Zu Artikel 106, Abs. 4:

Im Artikel 106, Abs. 4 ist vorgesehen, dass Bildungsdirektionen im Amt der Landesregierungen eingerichtet werden. Diese sollten laut Entwurf die Aufgaben des Bundes in mittelbarer Bundesverwaltung vollziehen. Dies bedeutet, dass der Landeshauptmann in allen Fragen, außer jenen der „äußeren Organisation“, an die Weisungen des / der jeweiligen Bundesministers / Bundesministerin gebunden ist. Die bisherige weisungsfreie Vollziehung durch die Kollegien entfällt in Zukunft. Dies bedeutet einen absoluten Zentralismus der entgegen der bewährten Praxis keine Einbeziehung der relevanten Gruppen (Eltern und Lehrer, Schülervertreter) vorsieht. Das bisherige demokratische und partizipative Element in der Schulverwaltung wird mit diesem Entwurf beseitigt. Der Landesschulrat für Niederösterreich lehnt diese Verminderung von demokratischen Mitwirkungsrechten ab.

 

Der Entwurf sieht die Bestellung eines Bildungsdirektors mit einem Stellvertreter vor.

 

Dabei erhebt sich vorerst die Frage, ob es sich um eine politische Funktion im Sinne des bisherigen Präsidenten / der bisherigen Präsidentin oder ob es sich um eine administrative Tätigkeit im Sinne der bisherigen Landesschulratsdirektor/innen handelt. Letzteres würde bedeuten, dass es sich um eine zusätzliche Funktionsbezeichnung jenes Abteilungsvorstandes / jener Abteilungsvorständin handelt, dem/der im Amt der Landesregierung die innere Leitung der künftigen im Rahmen der mittelbaren Bundesverwaltung zu erfüllenden Aufgaben des Landesschulrates zukommt. Es erscheint im Interesse der Rechtssicherheit und Stabilität sowie kontinuierlicher Weiterführung der Schulverwaltung geboten, hinsichtlich der Funktion, der Aufgaben und hierarchischen Stellung dieser Funktionsträger/innen eine verfassungsrechtlich abgesicherte Präzisierung vorzusehen.
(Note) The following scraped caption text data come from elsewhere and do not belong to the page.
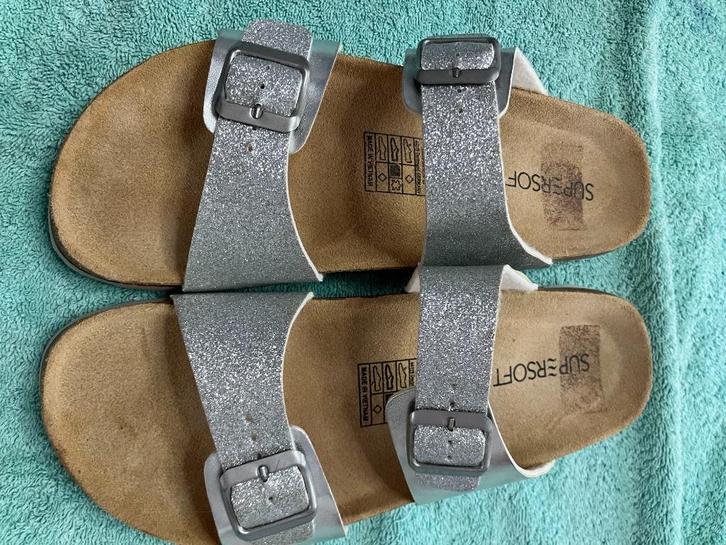 supersoft maat 42, Kleding | Dames, Schoenen, Zo goed als nieuw, Slippers, Grijs, Ophalen of Verzenden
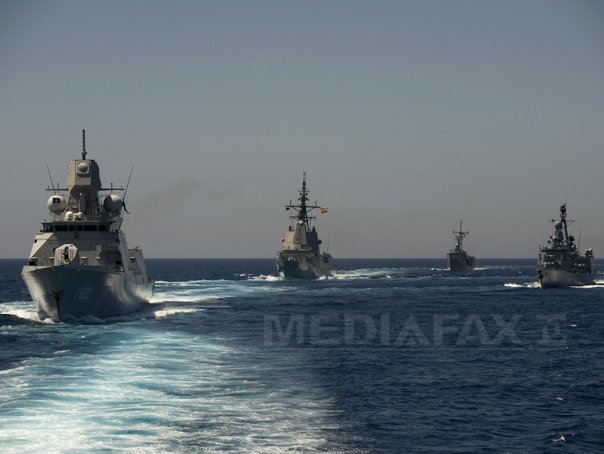 Două nave au fost atacate în apropiere de Yemen. O rachetă a căzut chiar lângă un vapor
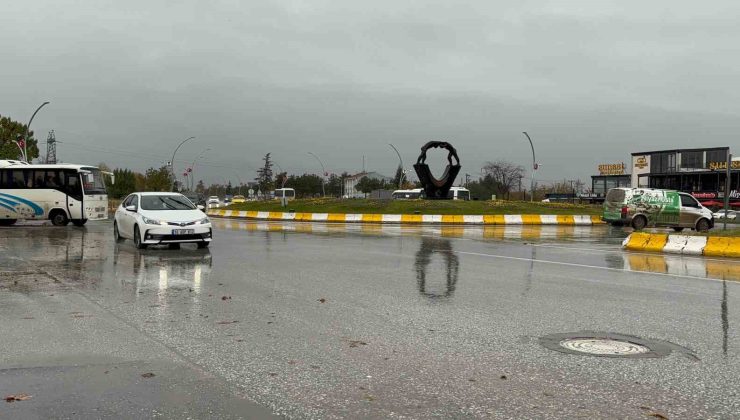 Edirne’de sağanak yağış etkili oluyor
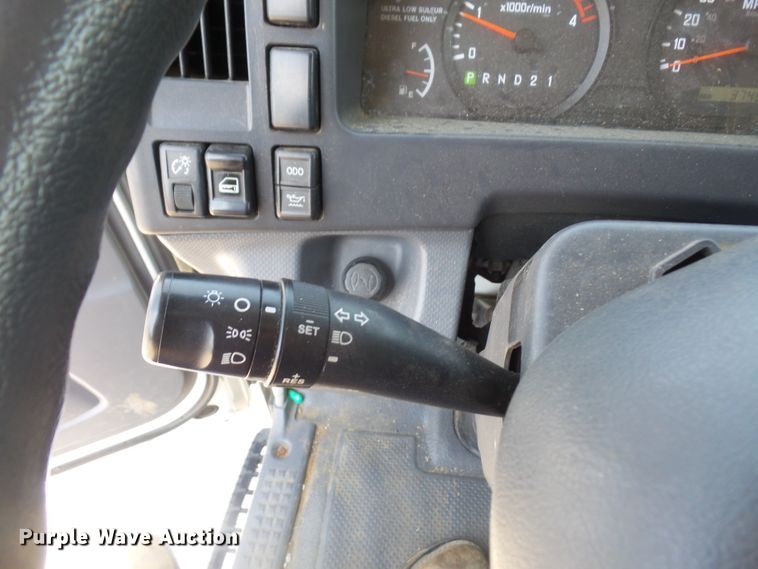 image for item DE2379 2008 Isuzu NPR-HD Crew Cab flatbed truck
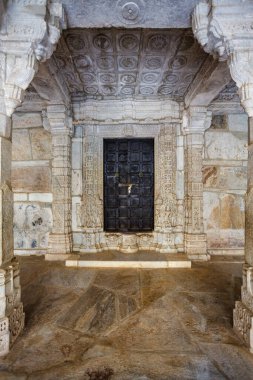 Adinatha tapınağının içini süsleyin, Ranakpur, Rajasthan, Hindistan, Asya 'da bir Jain tapınağı.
Weiters sollte im Hinblick des erfahrungsgemäß sehr umfangreichen und komplexen Aufgabenbereiches jedenfalls normiert werden, dass für die innere Leitung dieser Verwaltungseinheit jedenfalls als Übergangsregelung die bisherigen Landesschulratsdirektor/innen und deren/ihren Stellvertreter/innen – ähnlich wie seinerzeit im Verfassungsüberleitungsgesetz 1920 hinsichtlich der Sicherheitsdirektionen – bestellt werden. Bei der Überleitung des Landesschulrates auf die mittelbare Bundesverwaltung kommt insbesondere der Erfahrung in diesem Bereich große Bedeutung zu.